Il mistero dell’esistenza – Dal 1999 il sodalizio tra Marco Pallanti e Lorenza Sebasti – appassionati collezionisti e proprietari della tenuta vitivinicola Castello di Ama – e Galleria Continua di San Gimignano / Beijing / Les Moulins, ha dato vita ad un progetto artistico-culturale che ha visto artisti di fama internazionale realizzare opere site specific in permanenza per il borgo di Ama, un piccolo gioiello di origini medievali incastonato tra le colline nel cuore del Chianti. Castello di Ama per l’Arte contemporanea si arricchisce di un nuovo contibuto artistico, “Confession of Zero”, installazione che Hiroshi Sugimoto concepisce appositamante per la Collezione e che colloca all’interno della cappella settecentesca di Villa Ricucci. Realizzata in collaborazione con Galleria Continua, l’opera riflette sul concetto di assenza e sul mistero dell’esistenza. In occasione dell’opening saranno visitabili anche le opere site specific realizzate ad Ama negli anni precedenti da Michelangelo Pistoletto, Daniel Buren, Giulio Paolini, Kendell Geers, Anish Kapoor, Chen Zhen, Carlos Garaicoa, Nedko Solakov, Cristina Iglesias, Louise Bourgeois, Ilya e Emilia Kabakov, Pascale Marthine Tayou.

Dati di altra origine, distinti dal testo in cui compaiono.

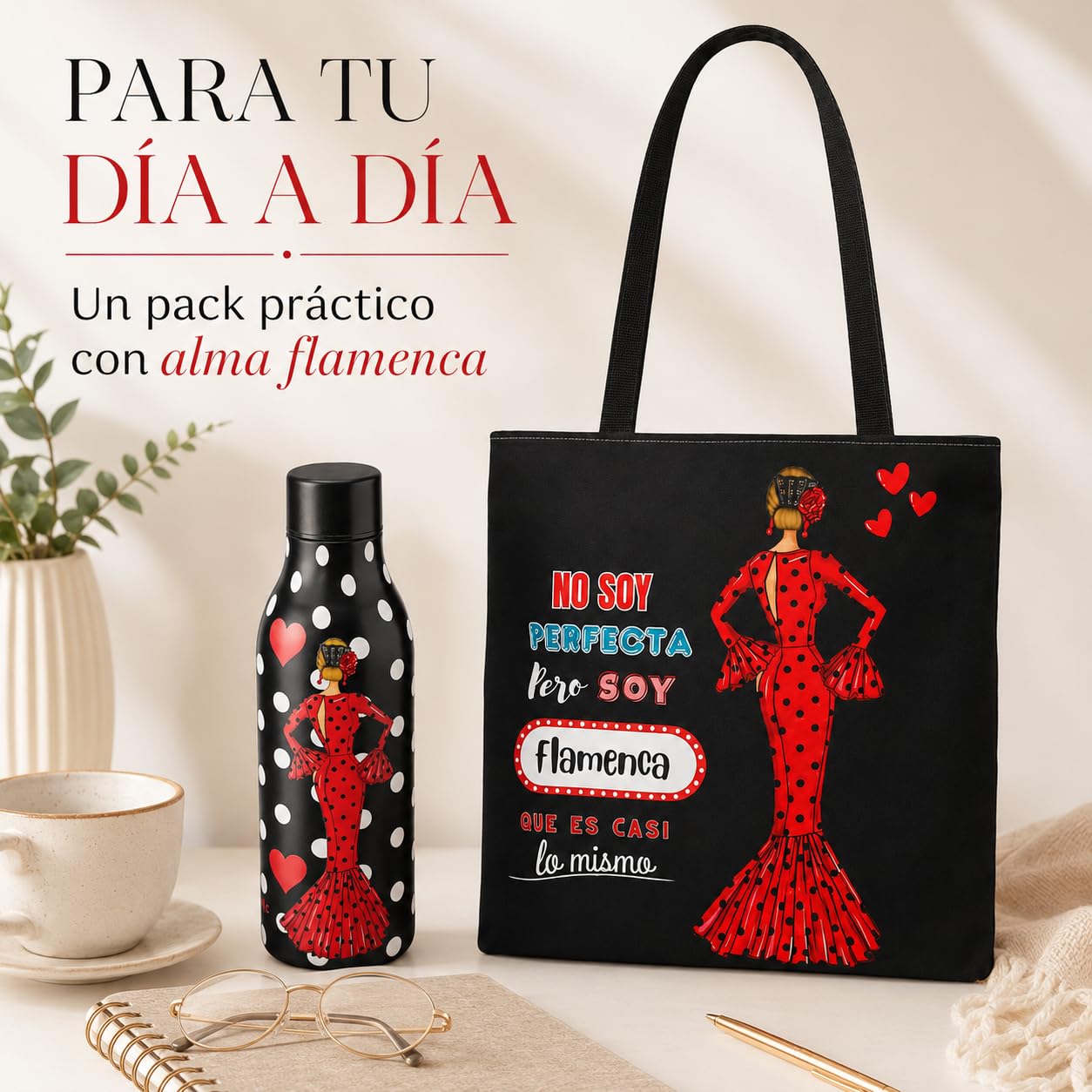 Pack botella + bolso Málaga María Rojo frase – vista 7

Foto inedite a San Gimignano – Negli spazi espositivi di Galleria Continua Hiroshi Sugimoto presenta alcune foto inedite della serie “Theaters”, tra queste anche “Cinema Teatro Nuovo” (2014) che ritrae l’ex-cinema teatro di San Gimignano dove ha sede la galleria. Immagini quasi surreali in cui il tempo che passa, racchiuso a forza in una dimensione che non gli appartiene, si tramuta in luce che scava l’oscurità portando delicatamente a galla gli elementi della scena circostante. Le prime fotografie di questa serie sono state realizzate a partire dal 1978 scattando foto all’interno di teatri americani degli anni Venti e Trenta convertiti in sale cinematografiche, come il Radio City Music Hall di New York. L’idea è quella di condensare il corso del tempo e la percezione dello spazio in un singolo momento, uniformando il tempo di esposizione a quello della durata della proiezione del film.